Esas son las grandes áreas en las que se trabaja.




El internet cuántico exige crear “nuevos paradigmas de comunicación“




¿Una oportunidad para Europa?



Las posibilidades del internet cuántico y sus retos en infraestructuras son dos de los puntos clave que se tratan cuando se habla de esta herramienta. El tercero es la cuestión de quién lo hace: ¿es esta tecnología una oportunidad para Europa? Ahora que la inteligencia artificial parece dominarlo todo, semeja también muy claro que la IA es una carrera entre dos jugadores fundamentales, China y Estados Unidos. ¿Puede pasar lo mismo con el internet cuántico o tiene margen Europa (y España) para posicionarse como jugadores destacados?



“Es una pregunta compleja”, reconoce Suárez. La IA está viendo una explosión en este momento, lo que genera expectativas, pero también miedo e incertidumbre, señala. En lo que toca a la computación cuántica, “todo lo contrario”. La gente la desconoce, es todavía algo que está en fase exploratoria. No hay ese hype que, fuera ya del universo TI, lo permea todo. Por tanto, hacer comparaciones entre una y otra herramienta llevaría a conclusiones un tanto imperfectas. Pero lo que sí está claro es que en esta partida Europa tiene cartas muy buenas.

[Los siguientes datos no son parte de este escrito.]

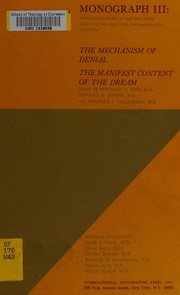 Cover of: The Mechanism of denial.: The Manifest content of the dream.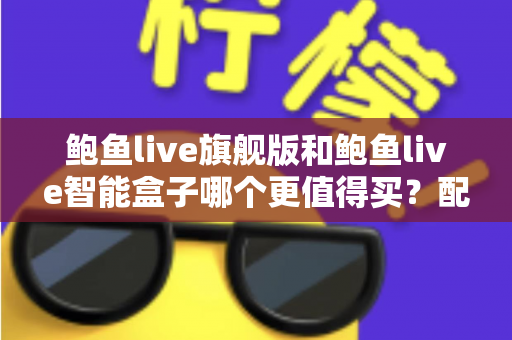 鲍鱼live旗舰版和鲍鱼live智能盒子哪个更值得买?配置、价格与适用人群全面对比 鲍鱼live旗舰版和鲍鱼live智能盒子哪个更值得买?配置、价格与适用人群全面对比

“Europa tiene muchas capacidades de ser líder en este ámbito, pero hay una competencia enorme en Estados Unidos y ahora en China, donde están progresando mucho”, apunta de Riedmatten. Europa debe seguir trabajando si quiere mantener posiciones, lo que implica investigación pero también empresas. “En la universidad y los centros de desarrollo desarrollamos tecnologías, pero luego no tenemos la capacidad para hacer ese despliegue fuera del laboratorio”, cuenta este experto.



Suárez menciona una palabra clave que suele salir siempre en las conversaciones de tecnología, la importancia de crear ecosistema. “No solo potenciar los títulos universitarios, sino la industria que utiliza esos recursos”, señala este experto. “Existe un reto en términos de inversión. Hay algo de lo que se habla mucho y se hace poco, la colaboración público-privada”, afirma y recuerda como en Estados Unidos en la carrera ya han entrado gigantescas empresas, como Google o IBM.



Se necesitan empresas, pero también ayudas públicas. Y ahí los expertos insisten en que hay que pensar a largo plazo, en mantener el compromiso. “Tenemos apoyo, pero debemos concretarlo en las décadas que vienen”, explica de Riedmatten. “Necesitamos apoyo a largo plazo”.



En el caso concreto de España, se están haciendo cosas y existen ya polos que están trabajando en este terreno. Galicia, como se ha visto es uno, pero no es el único; Cataluña, donde está el IFCO, es otro, aunque la lista es más amplia. “España tiene capacidades, porque hay talento y empieza a haber visión”, asegura Suárez. Pero este experto advierte que este desarrollo es costoso y que la estrategia no debería pasar por descentralizar hitos, sino en centrarse en aquellos lugares que ya han asentado la base, para crear así polos cuánticos importantes. “No tenemos que competir, sino sumar esfuerzos”, señala. “Verlo como una oportunidad”.